## What you have to do
In the records below, locate the line containing "En hand i handske", then output that line and all later lines exactly, through the last one.

## Data excerpts
::::::::::
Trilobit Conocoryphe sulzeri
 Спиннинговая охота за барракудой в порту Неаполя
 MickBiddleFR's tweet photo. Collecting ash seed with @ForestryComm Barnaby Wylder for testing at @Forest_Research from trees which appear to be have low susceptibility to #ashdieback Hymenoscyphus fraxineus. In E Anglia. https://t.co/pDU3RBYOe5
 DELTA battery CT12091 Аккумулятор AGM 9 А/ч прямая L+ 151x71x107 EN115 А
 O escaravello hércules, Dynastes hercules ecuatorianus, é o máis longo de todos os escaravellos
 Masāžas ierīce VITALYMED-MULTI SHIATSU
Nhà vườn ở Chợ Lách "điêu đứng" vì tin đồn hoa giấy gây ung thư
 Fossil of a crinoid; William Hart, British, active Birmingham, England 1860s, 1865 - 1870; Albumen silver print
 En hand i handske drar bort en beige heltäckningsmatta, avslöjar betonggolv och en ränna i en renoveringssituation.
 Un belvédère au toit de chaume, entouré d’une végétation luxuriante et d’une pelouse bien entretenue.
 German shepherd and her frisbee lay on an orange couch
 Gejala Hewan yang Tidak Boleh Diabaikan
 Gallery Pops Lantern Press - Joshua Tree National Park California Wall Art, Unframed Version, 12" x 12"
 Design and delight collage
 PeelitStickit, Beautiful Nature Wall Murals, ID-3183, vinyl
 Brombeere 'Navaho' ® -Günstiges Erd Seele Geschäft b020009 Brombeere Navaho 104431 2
::::::::::
## Result
 En hand i handske drar bort en beige heltäckningsmatta, avslöjar betonggolv och en ränna i en renoveringssituation.
 Un belvédère au toit de chaume, entouré d’une végétation luxuriante et d’une pelouse bien entretenue.
 German shepherd and her frisbee lay on an orange couch
 Gejala Hewan yang Tidak Boleh Diabaikan
 Gallery Pops Lantern Press - Joshua Tree National Park California Wall Art, Unframed Version, 12" x 12"
 Design and delight collage
 PeelitStickit, Beautiful Nature Wall Murals, ID-3183, vinyl
 Brombeere 'Navaho' ® -Günstiges Erd Seele Geschäft b020009 Brombeere Navaho 104431 2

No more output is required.